E eis que no “Dia de Ano” (que era como minha bisa costumava chamar o primeiro dia do Ano Novo) estávamos todos em um tradicional almoço de família. A da Dona Patroa. Ou seja, aquele furdúncio organizado encontrado em 99,9% das famílias, com todos sentados ao longo das mesas reunidas do lado de fora da casa, uma patota fazendo churrasco no fundo, a criançada nos jogos, uma turma na cozinha, rodinhas aqui e ali trocando idéias sobre os mais variados assuntos.
E lá na ponta da mesa, reunidos num silêncio até que razoável, meus três filhotes (sete, dez e doze anos) e mais um garotinho num compenetrado jogo de cartas.
E não é que vai um rapagão – creio que namorado de uma das primas – até lá pra puxar conversa?
– E aí? O que é que vocês estão jogando?
Silêncio.
Meio que constrangido por não receber resposta alguma, ainda resolveu ficar ali por mais alguns instantes para tentar entender que raio de jogo era aquele.
Mas não tinha jeito. O caçulinha, daquele jeito descompromissado dele, TINHA que falar. Sem se mexer ou sequer tirar os olhos das cartas, numa calma digna dum profissional do pôquer, disse:
– Bem, ELES estão jogando trinca. Já EU, como não sei jogar, estou apenas descartando aleatoriamente…
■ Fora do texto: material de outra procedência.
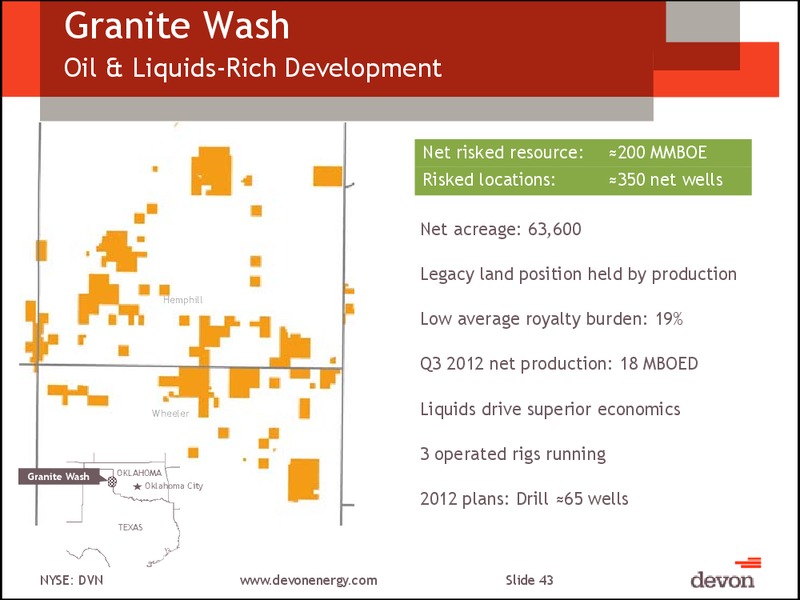 January 2013 Investor Meeting – Devon Energy Corp – slide 42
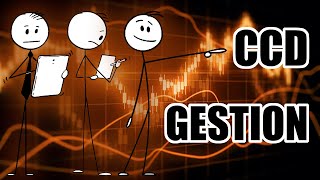 🔴🤔Gestionando operativa🤔 Cuenta RETO CCD  trading en vivo🚨🚨 [upl. by Laurie]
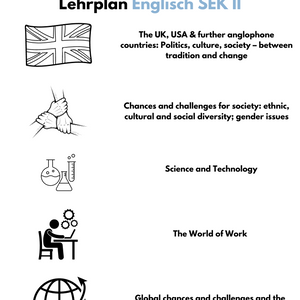 Lehrplan Englisch in der gymnasialen Oberstufe - Saarland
O rapaz afastou-se da criançada, pegou um refrigerante e veio para nossa roda.
– Pô! O que é que estão dando pra essa criançada hoje em dia, hein? Eu acho que, na minha vida, só vim a usar a palavra “aleatoriamente” quando tinha uns quinze anos… Aliás, acho também que só vim a entender o significado dela lá pelos vinte!